There was substantial evidence to support the court's findings and the findings of fact made by the trial court support its judgment. The defendant's post- Loudermill cases which find that similar pretermination hearings were adequate, must be viewed in the total context of the termination process. For example, in Brasslett v. Cota, 761 F.2d 827 (1st Cir. 1985), the fire chief was disciplined for one prior incident, was requested to and did apologize for a current incident and attended a town council meeting where continued dissatisfaction was expressed and the possibility of disciplinary action was discussed. In a meeting with the fire chief, the town manager reviewed the fire chief's personnel file, the town council's dissatisfaction and disciplinary options before telling the fire chief he would be dismissed. A letter of termination was sent the next day, spelling out reasons and citing incidents and personnel rules violated. The use of a prior incident for which no disciplinary action had been taken was not allowed.
Here, plaintiffs were not given employee correction notices or an opportunity for correction. Moreover, the evidence is uncontroverted that prior incidents were brought up for which no disciplinary action was taken.

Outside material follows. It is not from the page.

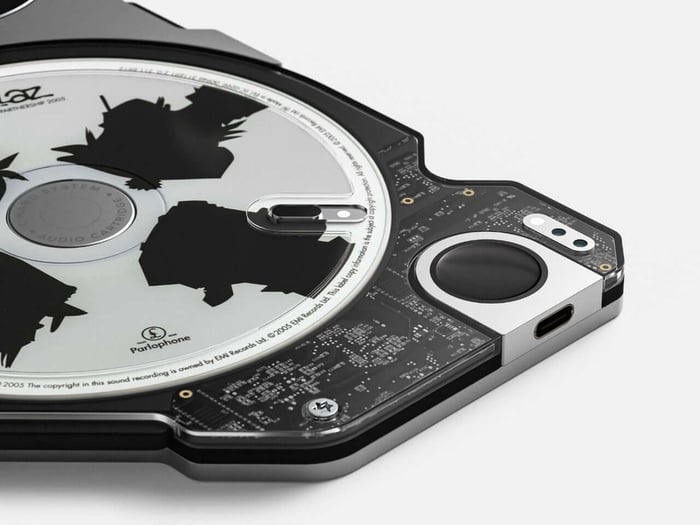 Side view highlighting the player’s sleek profile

See also Bockbrader v. Department of Pub. Inst., 220 Neb. 17, 367 N.W.2d 721 (1985) (plaintiff given written correction notices and discussed these problems with supervisor).
We will not substitute our judgment for that of the trial court as to the facts established by the evidence, so long as the findings are supported by substantial evidence. Getz v. Equitable Life Assurance Soc'y of United States, 90 N.M. 195, 561 P.2d 468, cert. denied, 434 U.S. 834, 98 S.Ct. 121, 54 L.Ed.2d 95 (1977). The facts relating to the incident in question are essentially undisputed. The trial court was entitled to draw its own conclusions from those facts. The trial court determined that the meeting between plaintiffs and the sheriff did not rise to the level of a pretermination hearing and that the termination of plaintiffs was, therefore, in violation of the due process clause of the Constitution. We find no error.
The trial court is affirmed.
IT IS SO ORDERED.
DONNELLY, C.J., and ALARID, J., concur.